Netanyahu deplored efforts to explain Arab terrorism as a result of despair and frustration during a speech at a ceremony marking the 100th birthday of former prime minister Yitzhak Shamir.

Amin al-Husseini, the mufti of Jerusalem, meets German Foreign Minister Joachim von Ribbentrop in Berlin, November 20, 1941. (photo credit: JEWISH AGENCY)
Amin al-Husseini, the mufti of Jerusalem, meets German Foreign Minister Joachim von Ribbentrop in Berlin, November 20, 1941.
(photo credit: JEWISH AGENCY)
A straight line leads from the provocations of Jerusalem’s Mufti Haj Amin al-Husseini who incited against Jews in the 1920s to the “wild incitement” today that motivates the current round of terrorism, Prime Minister Benjamin Netanyahu said on Sunday.
Netanyahu, who sparked an uproar in October when he said that al-Hussein planted the idea of the final Solution in Hitler's mind, a position he then clarified later, brought up the mufti again during a speech at a ceremony marking the 100th birthday of former prime minister Yitzhak Shamir.
Shamir, Netanyahu noted, saw the periodic bursts of terrorism that also plagued his tenure as prime minister as a continuation of the Arab hatred and violence that extended back to the wave of Jewish immigration to Palestine in the 1920s.
Shamir, Netanyahu said, noted that the violence and killing was done out of an “appetite for destruction.”

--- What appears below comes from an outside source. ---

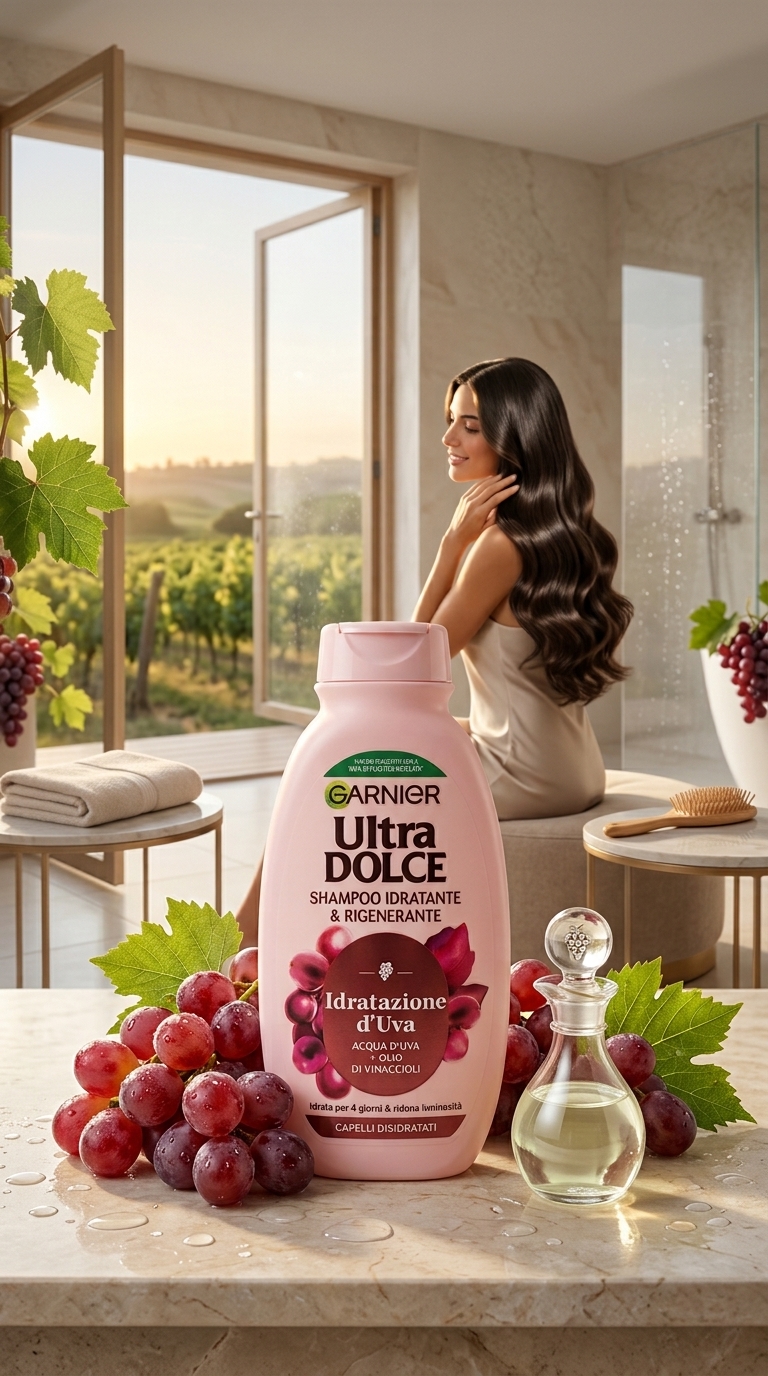 Garnier Ultra Dolce Shampoo Idratazione d'Uva 250 ml Plastica – Rigenerante e Idratante Capelli Disidratati 4 Giorni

“The first wave of terrorism in the 1920s, when my grandfather immigrated to Israel, was nourished by the claim of Mufti Haj Amin al-Hussein that the Jews were going to destroy the al-Aksa Mosque and build a third temple in its place,.” Netanyahu said, asking if that “sounds familiar.”
“The incitement continues,” he said, “and the waves of terrorism come and go, come and go.”
Netanyahu deplored efforts to explain Arab terrorism as a result of despair and frustration. “The despair and frustration is not from an inability to build,” he said, “but rather despair and frustration at an inability to destroy.”
Netanyahu said that saying terrorism is a result of despair and frustration absolves the Palestinians of responsibility for their actions, “for their terrorism that has accompanied us for almost 100 years.”
This terrorism, he noted, predated the creation of the state, as well as the Six Day War and the settlements. The terrorism, he noted, takes place when there is a peace process, and when there is not.
“We did not give into terrorism during Shamir's days, and it is clear we won't today either,” he said. The hope, he said, rests not in creating illusions, but rather through strength that will lead the other side to understand that they cannot defeat Israel.